◆ Exercise brief: The required output is an exact restatement of the lines, starting with the one that contains "Let's start making" and finishing with the last line of the listing. It contains no pictures.

-- Data section follows --

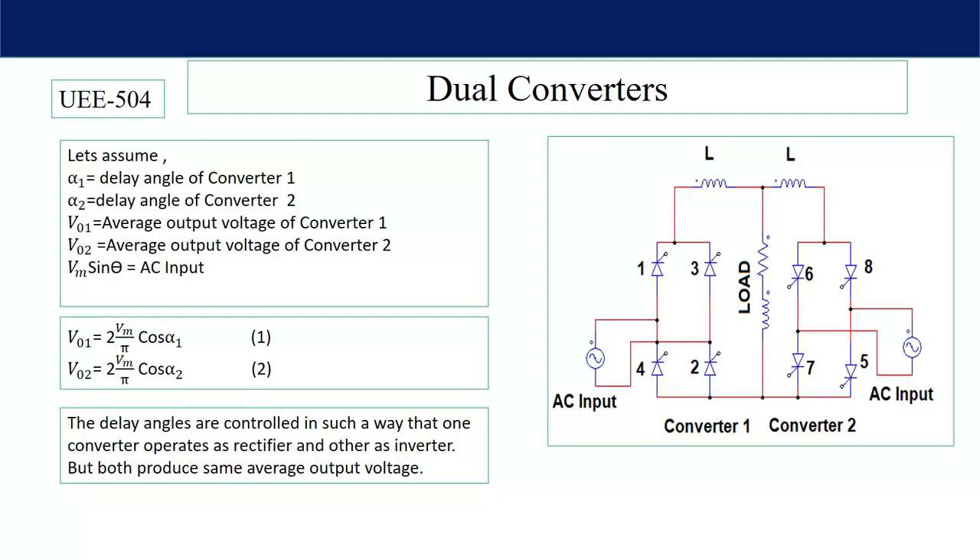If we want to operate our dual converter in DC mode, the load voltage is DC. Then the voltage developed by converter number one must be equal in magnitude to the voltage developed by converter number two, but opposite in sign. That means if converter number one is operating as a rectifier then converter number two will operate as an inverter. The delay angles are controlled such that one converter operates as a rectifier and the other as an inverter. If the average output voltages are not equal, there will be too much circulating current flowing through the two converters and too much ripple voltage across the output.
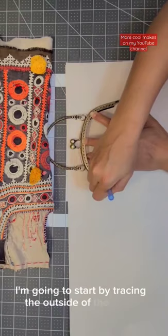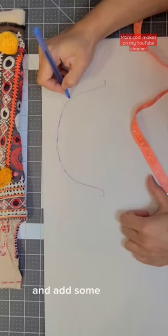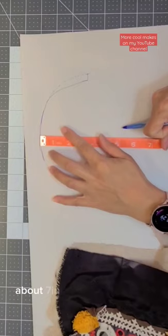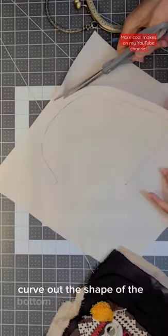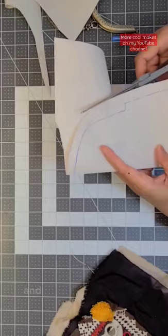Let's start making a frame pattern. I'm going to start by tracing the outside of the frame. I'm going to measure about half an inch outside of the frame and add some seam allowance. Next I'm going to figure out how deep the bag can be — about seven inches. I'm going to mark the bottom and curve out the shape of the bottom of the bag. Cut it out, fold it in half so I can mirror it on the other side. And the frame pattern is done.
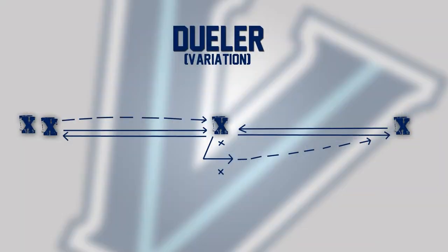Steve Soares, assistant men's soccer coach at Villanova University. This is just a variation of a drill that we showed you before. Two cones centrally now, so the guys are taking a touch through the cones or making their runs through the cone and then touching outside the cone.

-- Data section concluded --

◆ Solution to this problem:
Let's start making a frame pattern. I'm going to start by tracing the outside of the frame. I'm going to measure about half an inch outside of the frame and add some seam allowance. Next I'm going to figure out how deep the bag can be — about seven inches. I'm going to mark the bottom and curve out the shape of the bottom of the bag. Cut it out, fold it in half so I can mirror it on the other side. And the frame pattern is done.
Steve Soares, assistant men's soccer coach at Villanova University. This is just a variation of a drill that we showed you before. Two cones centrally now, so the guys are taking a touch through the cones or making their runs through the cone and then touching outside the cone.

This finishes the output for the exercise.